Thai word-breaking doesn't work in snaps using common Gnome snaps (e.g. Firefox)

It seems like snaps which depends on Gnome common snaps (e.g. gnome-42-2204) cannot find libthai’s dictionary, which is required for Thai word-breaking to works. This affects applications from snapped gedit to Firefox [1].

Steps to reproduce:

  1. Install gedit snap from the store, and then open it.
  2. Copy and paste the following text into gedit window [2]:
ตัดฉันทีตัดฉันทีตัดฉันทีตัดฉันทีตัดฉันทีตัดฉันทีตัดฉันที
word break word break word break word break

Resize the window down to force word break. Both lines should be broken into multiple lines. However, only the second line is broken; the first one isn’t. (If the second line also isn’t broken, check your gedit preference.)

If, however, I launch gedit with:

LIBTHAI_DICTDIR=/snap/gedit/current/gnome-platform/usr/share/libthai/ /snap/bin/gedit

then the word breaking works as expected.

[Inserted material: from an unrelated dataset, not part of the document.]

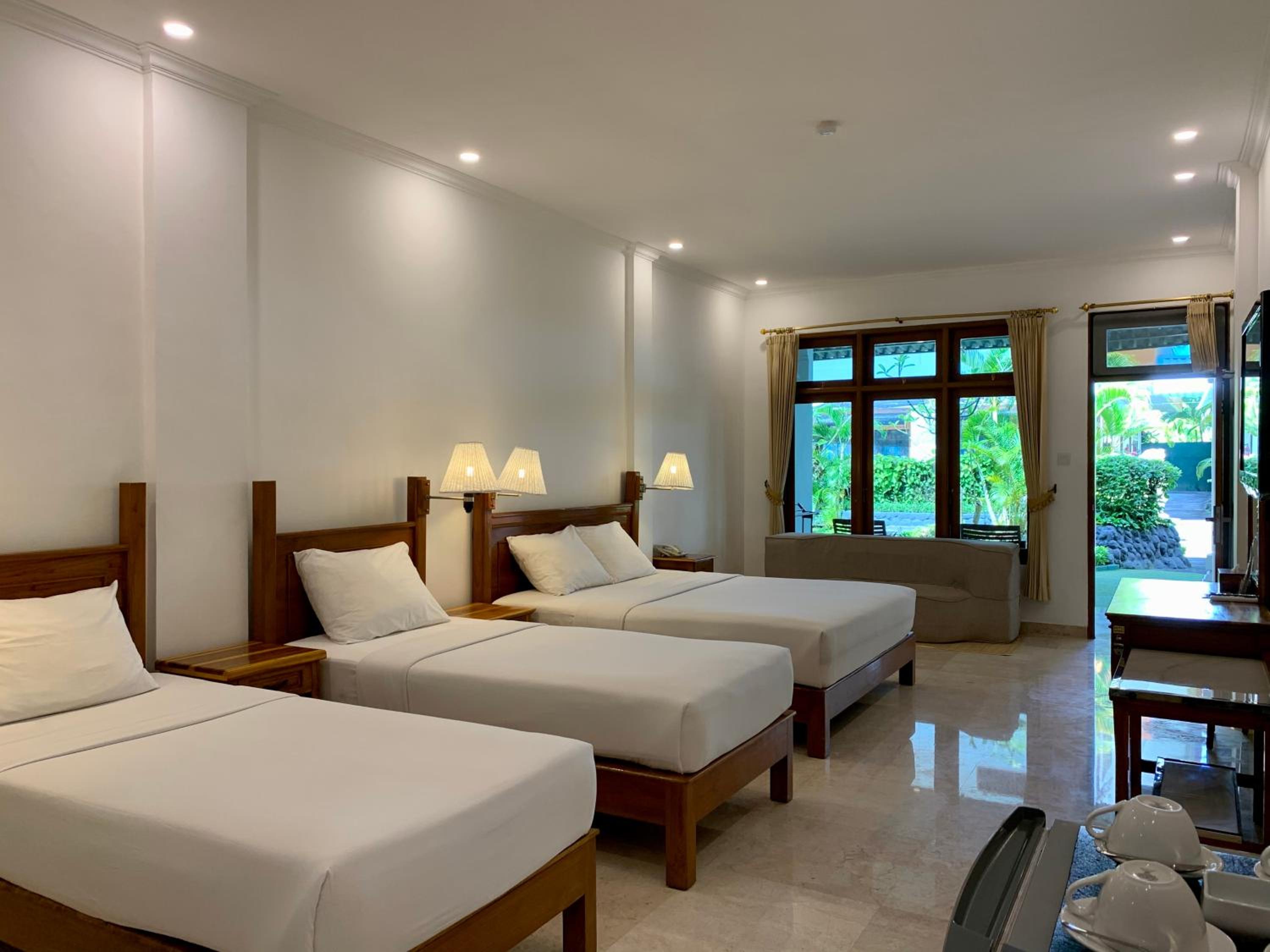 Quadruple Room - Room Only - Photo 13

A similar problem and a similar fix also applies to Firefox as well.

Using snap run --strace='--trace=%file' shows that it’s trying to look for a dictionary at /usr/share/libthai (i.e. host’s copy), which I understands is blocked by AppArmor for a reason (I can’t find the denial in the journal log though).

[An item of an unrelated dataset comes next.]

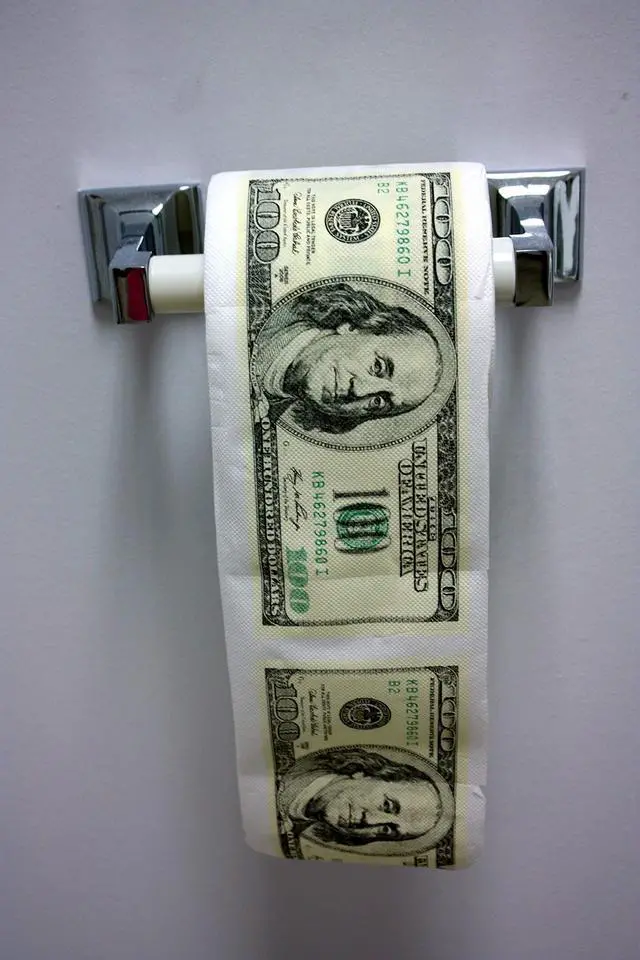 Alt view image 3 of 4 - Big Bucks Novelty Gag 3-ply Toilet Paper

A workaround would be for every snap to put:

export LIBTHAI_DICTDIR=${SNAP}/gnome-platform/usr/share/libthai/

in snap’s launcher script. However, IMO applications shouldn’t be expected to set this environment variable. There should be a way for the gnome common snaps to provide this environment variable for all snaps that use these common snaps. I’m not sure how this would be possible though, so I start this thread to discuss possibilities to make this works for all snaps.

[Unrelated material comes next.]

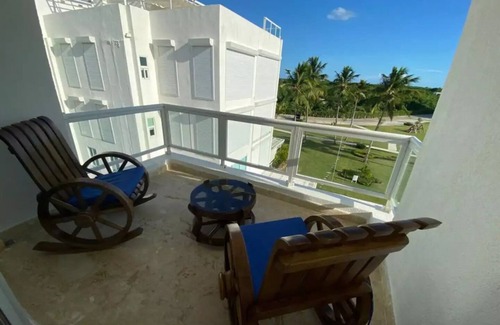 El Soco Apartment | Beachfront Penthouse with BBQ and Hottub in La Romana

As a side note, Chromium seems to be an odd-one-out It also uses common snap (gnome-3-38-2004, the same one as Firefox actually), but Thai word breaking works there. I’ve grep’ed the snap and it doesn’t seem to set LIBTHAI_DICTDIR anyhow. strace even shows that it can’t open the dictionary either, so I’m not sure how it works there. Their word breaker don’t use libthai?

[1] https://bugzilla.mozilla.org/show_bug.cgi?id=1796939 (also reported by me)
[2] For reference, “ตัด”, “ฉัน”, and “ที”, are 3 distinct words in Thai.

3 Likes

Firefox on Flatpak works, so this issue must be specific to Snap.

As you mentioned LIBTHAI_DICTDIR=${SNAP}/gnome-platform/usr/share/libthai/, I guess inserting it after line 23 in snapcraft.yaml will solve this issue.

Chromium is different since it breaks lines using libicu, so it doesn’t require libthai’s dictionary.

well, if it is a general issue with all snaps using the gnome platform snap, this variable should better be exported from the desktop-launch script so all apps benefit from it, not only firefox …

awesome find BTW :slight_smile:

@kenvandine can we add the above ?

Thank you. Although I have no idea what the desktop-launch script is, it sounds appropriate.

it is shipped by the gnome-platform snap and sets up the environment for all snap applications that utilize gnome-platform …

2 Likes

Right, that’s the place. Thank you. Also, since KDE frameworks also contain libthai, I think it makes sense to add this variable there too. Qt probably doesn’t use actually libthai (for licensing, I assume), but applications might link to libthai in the framework and use that.

I mean, I wonder why it takes 6 months since Ubuntu 22.04 release before any Thai user notice that word-breaking is broken in Firefox…

According to polls in the Thai Open Source Community on Facebook a few hours, Ubuntu and Firefox are surprisingly popular. So it is very strange.

image

@ogra @kenvandine Any progress?

@ogra @kenvandine Any progress on this? Or any repo/hint on where I can add it myself?